Entrepreneurship Series: Interview with Paul Kenjora
Sitting casually across from me, he could be anyone, anywhere. Just looking at him, or even speaking with him, you'd never know that this is a man who went from using his media center as a server for his startup to raising $1.5 million for that very same tech startup… and in Arizona!
Although Paul takes a relaxed attitude, he's not afraid to speak his mind and stand by his beliefs. In this article, he shares his intimate thoughts on entrepreneurship, startups, funding and, most of all, what worked and what didn't.
What startups have you been involved with in the past?
My first startup was Cork Office. It was suppose to be an online office. Ironically, it was a lot like Facebook; right product, wrong market. So I came close… but it's not quite the same.
The next one was an IT service. We were able to remotely analyze what kind of software you were running and tell when you needed an update.

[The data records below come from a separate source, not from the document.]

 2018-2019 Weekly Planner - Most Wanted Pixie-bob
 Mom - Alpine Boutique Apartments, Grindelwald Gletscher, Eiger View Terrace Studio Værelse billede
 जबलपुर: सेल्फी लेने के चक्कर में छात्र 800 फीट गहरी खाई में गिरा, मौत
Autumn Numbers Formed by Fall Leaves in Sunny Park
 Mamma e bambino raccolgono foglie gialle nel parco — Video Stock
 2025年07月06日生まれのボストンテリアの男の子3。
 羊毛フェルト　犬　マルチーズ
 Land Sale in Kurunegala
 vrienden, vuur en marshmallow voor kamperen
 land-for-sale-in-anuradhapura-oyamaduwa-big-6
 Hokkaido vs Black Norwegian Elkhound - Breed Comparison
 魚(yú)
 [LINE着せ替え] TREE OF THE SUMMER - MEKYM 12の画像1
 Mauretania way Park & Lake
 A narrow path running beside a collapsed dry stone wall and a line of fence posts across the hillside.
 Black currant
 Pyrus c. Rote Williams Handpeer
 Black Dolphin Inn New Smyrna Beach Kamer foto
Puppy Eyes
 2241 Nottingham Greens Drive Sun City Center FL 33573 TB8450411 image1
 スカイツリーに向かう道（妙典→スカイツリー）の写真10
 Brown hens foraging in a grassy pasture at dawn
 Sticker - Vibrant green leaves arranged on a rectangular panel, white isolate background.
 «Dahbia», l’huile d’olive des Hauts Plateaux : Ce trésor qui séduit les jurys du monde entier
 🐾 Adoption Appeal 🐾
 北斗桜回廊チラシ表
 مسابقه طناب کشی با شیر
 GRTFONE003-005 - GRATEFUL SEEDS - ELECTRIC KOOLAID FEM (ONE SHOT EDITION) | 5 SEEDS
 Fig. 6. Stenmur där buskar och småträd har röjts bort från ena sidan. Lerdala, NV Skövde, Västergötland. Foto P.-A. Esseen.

After that one, I got tired of doing B2B projects, just going in and competing against companies like Microsoft, and I realized the industry is more about connections. At that time I was only 23, and someone who's 23 doesn't have a lot of connections. So at some point I realized this project was DNR and just let it go.
It was a learning experience, and after that I said no more B2B. That's when I did something called One-a-Month, which I think every developer should do.
Tell me more about One-a-Month.
I basically developed a project each month. And the rules were simple, one weekend, and it couldn't interfere with anything social. So if a friend called me and said, let's go to coffee, I'd go. I had to start it on Friday night and finish it by Sunday night. And finish it meant push it out to the web.
Sometimes I did really quick projects, but they started getting more elaborate.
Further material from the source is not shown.